Try it:
With the pictures omitted, repeat exactly the lines below starting with the line that has "Little Cottage Loft Bed — step 4" and going on through the line that has "2015 Subaru Forester 2.5i Touring".

Source material:
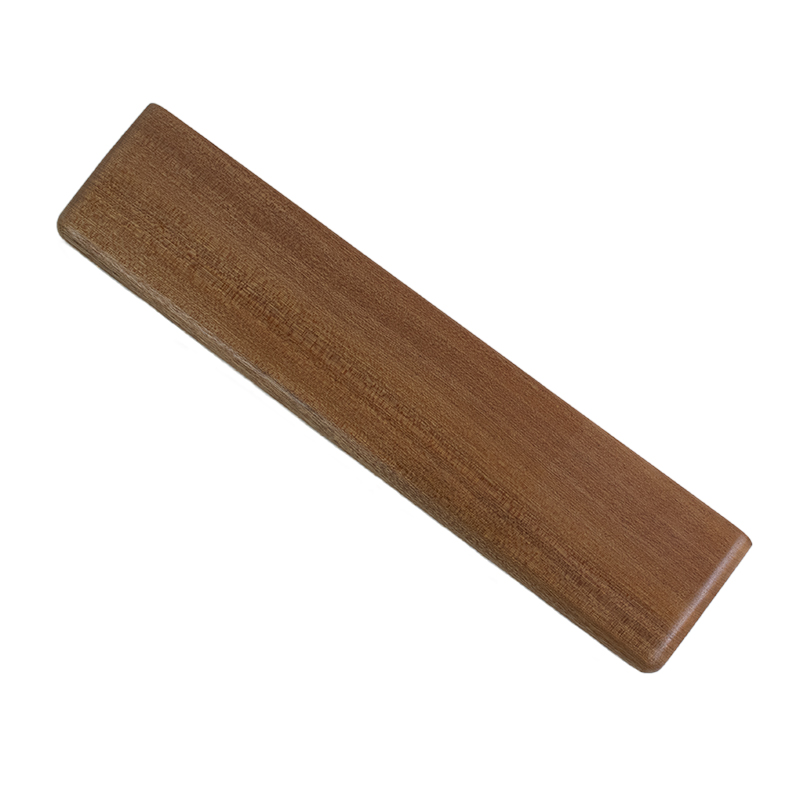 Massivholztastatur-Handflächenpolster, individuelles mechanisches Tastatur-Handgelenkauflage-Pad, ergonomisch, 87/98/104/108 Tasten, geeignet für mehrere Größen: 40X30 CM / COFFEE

==

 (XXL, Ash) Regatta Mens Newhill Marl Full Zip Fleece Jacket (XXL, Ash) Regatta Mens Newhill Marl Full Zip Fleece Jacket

==

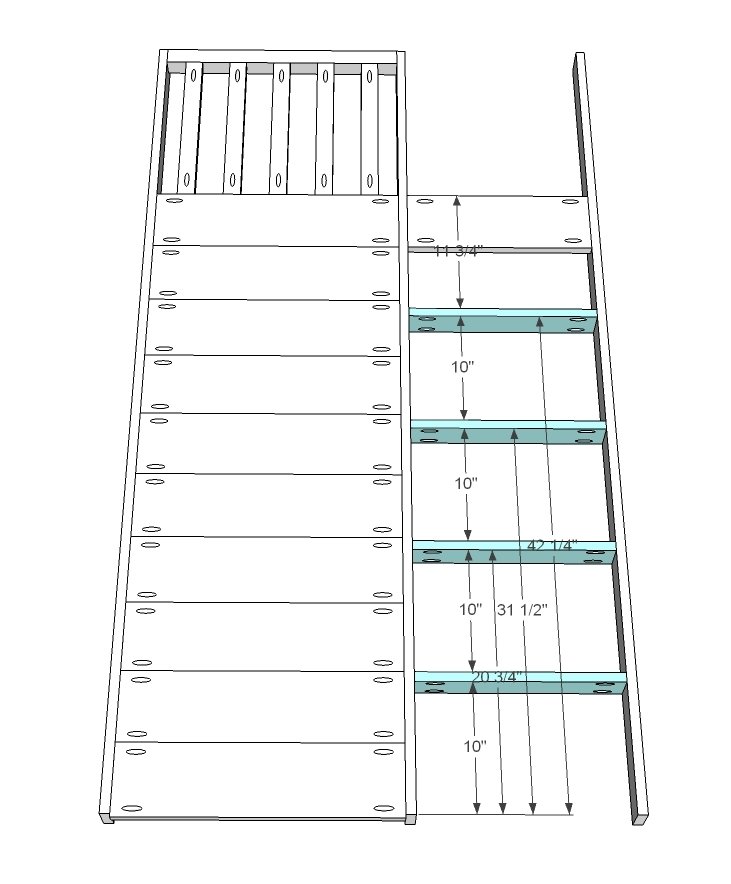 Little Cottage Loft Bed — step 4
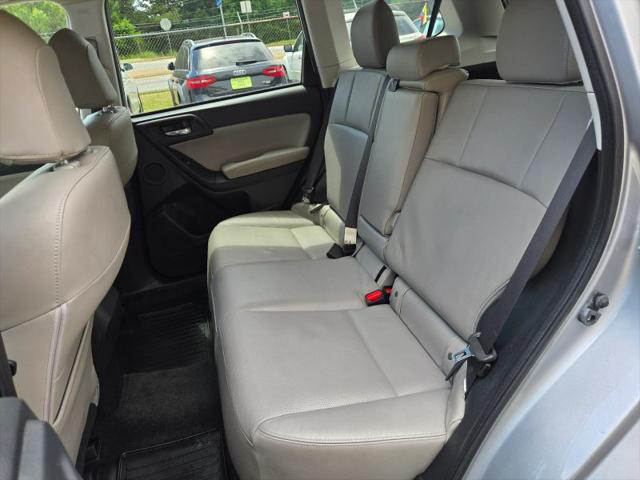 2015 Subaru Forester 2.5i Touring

Answer space:
 Little Cottage Loft Bed — step 4
 2015 Subaru Forester 2.5i Touring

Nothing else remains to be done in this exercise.